ST : « Oh my gosh… Voir que les femmes sont présentées comme des êtres parfaits qui allient sans peine leur carrière, leur ménage et leurs enfants me met vraiment hors de moi. Ou l’inverse : lorsque la marque considère les femmes comme de pauvres créatures sans défense, incapables de gérer leur ménage, leurs bambins ou leur boulot, et qu’elle leur propose la solution miracle. Cette image est tellement paternaliste. Les femmes veulent autre chose. Elles veulent voir la vérité, pas la perfection. Soyons honnêtes : la perfection, c’est ennuyeux. Les marketeers doivent présenter des femmes qui ont une profondeur d’âme et de l’humour. Au fond, des femmes qui donnent envie de mieux les connaître. »

"LA PERFECTION,  C'EST ENNUYEUX. LES MARKETEERS DOIVENT PRÉSENTER DES FEMMES QUI ONT UNE PROFONDEUR D'ÂME ET DE L'HUMOUR. AU FOND, DES FEMMES QUI DONNENT ENVIE DE MIEUX CONNAÎTRE."

LA TV DONNE L’EXEMPLE

Les hommes se déclinent, eux aussi, en divers clichés : un torse parfait, une voiture luxueuse, des poches sans fond… ?
ST : « Hahaha. Tout à fait vrai. Mais il est, à mes yeux, inutile de comparer l’homme et la femme. Les hommes jouent aujourd’hui un rôle fantastique. Ils contribuent au ménage et s’occupent des enfants. Je veux dire par là que tant les hommes que les femmes sont, en réalité, à mille lieues de la manière dont certains marketeers les cataloguent. Les consommateurs voient leur relation avec les marques comme un lien d’égal à égal, alors que certains marketeers semblent encore vivre dans les années 1990. Les marques devraient prendre exemple sur certains programmes télévisés. L’industrie du divertissement a fait un véritable bond en avant, ces dernières années. HBO et Netflix se positionnent en chefs de file avec des séries telles qu’Orange is the new black.

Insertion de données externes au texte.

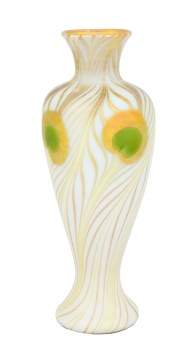 Steuben Aurene Peacock Feather Vase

Ces programmes passionnent les femmes, car elles s’y identifient. Les actrices de ces séries sont loin d’être des femmes parfaites, mais elles sont fascinantes. Les marques ont aussi l’occasion d’attirer l’attention, de donner du relief aux personnages, d’établir de véritables liens. Lorsque suffisamment de marques en seront conscientes, le monde publicitaire connaîtra un réel bouleversement. Et ce, tant pour les hommes que pour les femmes. »

"LES MARKETEERS CONSIDÈRENT À L’EXCÈS LES GENS COMME DE SIMPLES « GROUPES CIBLES » ET COMME DES « CONSOMMATEURS ». ILS EN OUBLIENT TROP SOUVENT CE QUI LES MOTIVE ET LES INSPIRE."

Qu’est-ce qui retient les annonceurs ? Le conservatisme ? Un manque de courage ?
ST : « Je n’oserais pas me prononcer. Nous nous raccrochons trop souvent à ce que nous connaissons, aux pratiques qui ont fait leurs preuves. L’objectif est de dynamiser vos marques et de ne pas les considérer comme statiques. Rien n’est plus ennuyeux que la prévisibilité. »

"L’OBJECTIF EST DE DYNAMISER VOS MARQUES. RIEN N’EST PLUS ENNUYEUX QUE LA PRÉVISIBILITÉ."

 

SANDY THOMPSON : PORTRAIT

Sandy Thompson est Global Planning Director chez Y&R. Elle est considérée comme l’une des stratèges les plus innovantes et compétentes de l’industrie publicitaire. Elle est principalement reconnue pour sa contribution au BrandAsset Valuator d’Y&R et pour sa technique d’exploration. Pour renforcer le lien entre la marque et le client, Thompson a habité dans des familles d’accueil en Chine, sillonné la Russie en train avec des jeunes, parcouru l’Arabie-Saoudite un foulard sur la tête, rénové des maisons au Canada, traversé l’Inde, le Japon et Singapour et a été concierge d’un hôtel, à Hong Kong.